- Task goal
Every line between the one containing "Turisti a cavallo" and the last line of the data, both included, is to be set down exactly, and pictures are to be omitted.

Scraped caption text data

┄┄┄┄┄┄

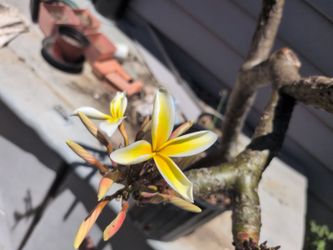 Plumeria Plant Large Pot 8 Tips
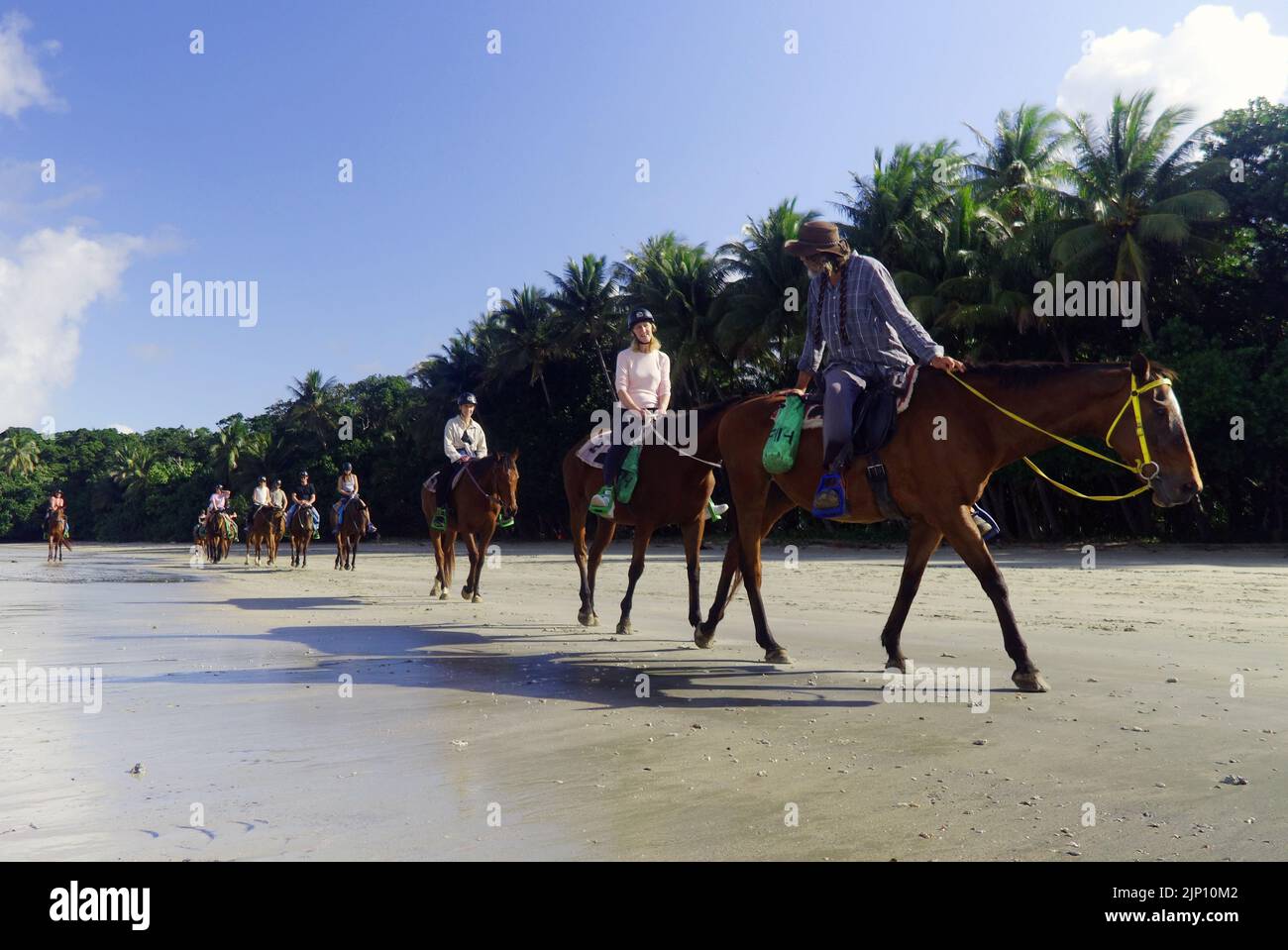 Turisti a cavallo sulla spiaggia a Cape Tribulation, regione di Daintree, a nord di Cairns, Queensland, Australia. No MR o Pr Foto Stock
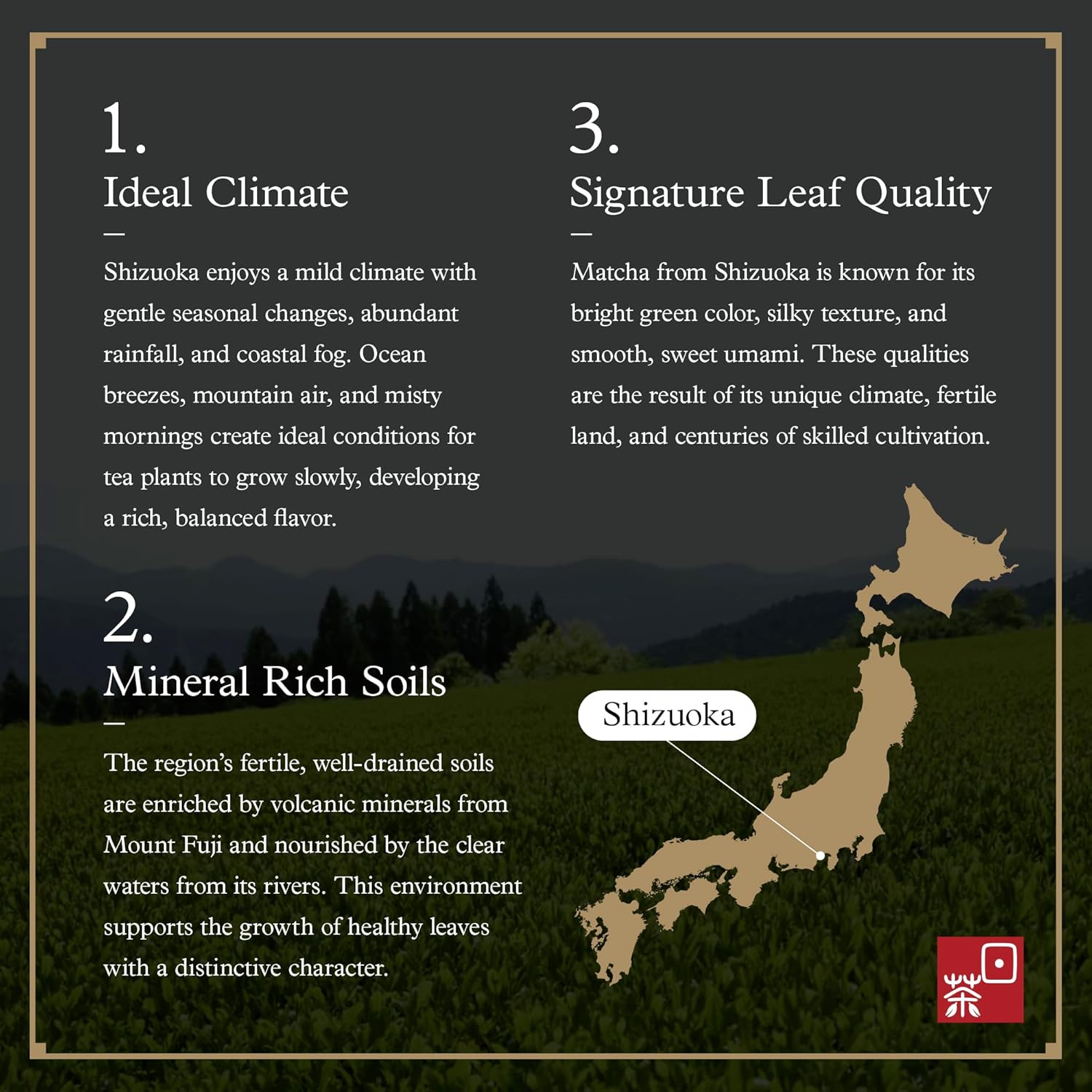 Ocha & Co. Shizuoka Organic Matcha - Ceremonial Grade - ECO JAS Organic Certified - Japanese First-Harvest Matcha Green Tea Powder, Traditionally Stone-Milled, 100g.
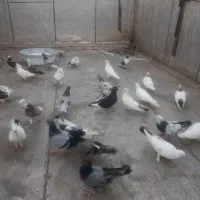 کبوتر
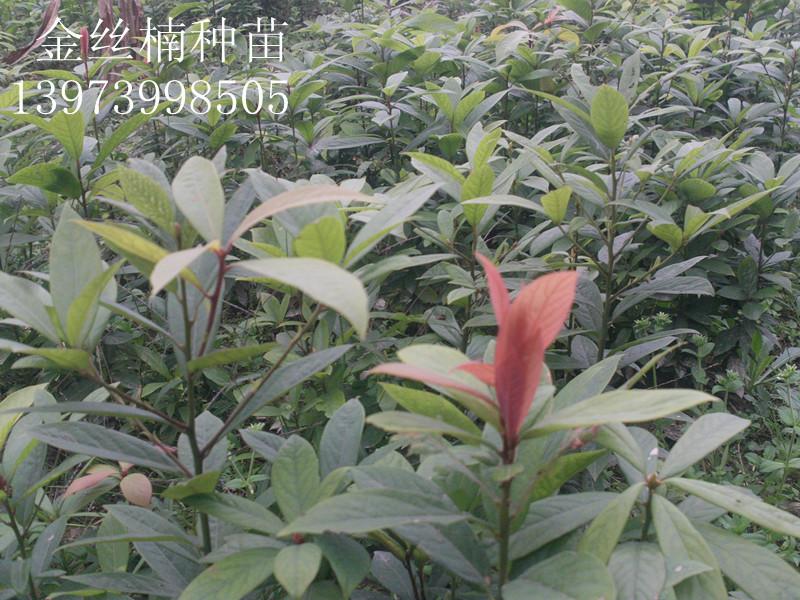 供應貴州金絲楠種苗哪里最多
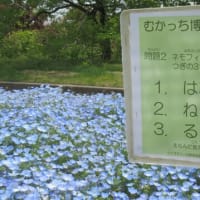 ムクドリとネモフィラ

┄┄┄┄┄┄

- Completed task
 Turisti a cavallo sulla spiaggia a Cape Tribulation, regione di Daintree, a nord di Cairns, Queensland, Australia. No MR o Pr Foto Stock
 Ocha & Co. Shizuoka Organic Matcha - Ceremonial Grade - ECO JAS Organic Certified - Japanese First-Harvest Matcha Green Tea Powder, Traditionally Stone-Milled, 100g.
 کبوتر
 供應貴州金絲楠種苗哪里最多
 ムクドリとネモフィラ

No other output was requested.